So, investors are currently being offered the worst possible combination, very significant risks from increasing volatility, which is still on average below the average level of the late 1990s, but with nowhere near low enough prices to compensate for such risk.

To make that currently unfavorable reward-risk ratio better, either equity prices need to decline significantly further, and/or volatility needs to significantly dampen down.

Or a new bubble, tech redux (watch the price action of a few leading tech stocks for clues), energy (an obvious secular uptrend) or some others, needs to emerge to justify current valuations and volatility, which at the moment seems unlikely.

One of the more glaring anomalies in global financial markets has been the continuing huge disconnect, over many months now, between the increasing turbulence in the credit markets and the so far modest correction in the equity markets. One is wrong.

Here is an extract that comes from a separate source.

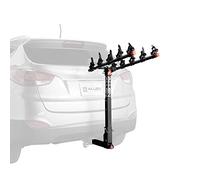 Allen Sports Deluxe Quick Install 5-Bike Hitch Rack, Model 1550RR, Black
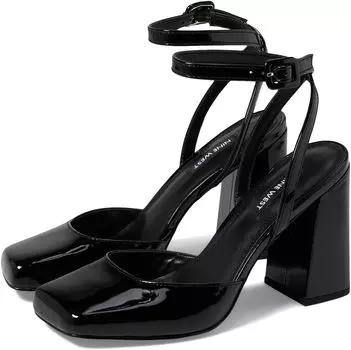 Туфли Suzu 3 Nine West, цвет Black Patent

The flight-to-quality 40 bp decline in 10-year bond yields over the past month has helped equity valuation models.

As noted in my July 26 article link, on June 30 I sent out an e-mail saying, “I now feel that there is greater than a 50% chance of a significant correction in the stock market in the 3rd qtr. By significant, I mean at least 5-10%, but it could be much more.”

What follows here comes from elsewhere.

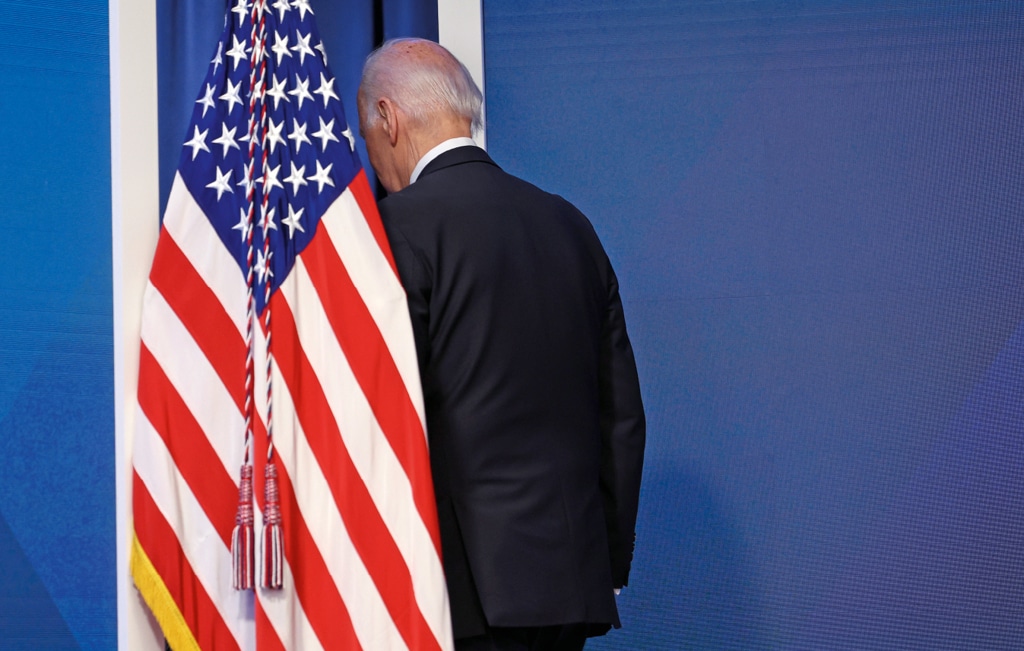 Biden abbandona la corsa per le Presidenziali Usa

Given how fear already has swept through the global credit markets last week, clearly the probability of the more worse case scenarios is now higher at the moment.

Most mainstream pundits and mainstream media, as good as its coverage of the unfolding credit crises consistently has been for months (I am very grateful for the hard work of many mainstream journalists and columnists, reflected in the large number of quotes in this article), have yet to really emphasize critical potential risks.

One significant exception continues to be noted global portfolio manager Dr. Marc Faber, who is on Barron’s semi-annual roundtable, and who expertly talks about the U.S. entering a recession and bear market in the upcoming months in these two Bloomberg interviews on Aug 13 link and Aug 10 link, both of which I STRONGLY urge readers to listen to.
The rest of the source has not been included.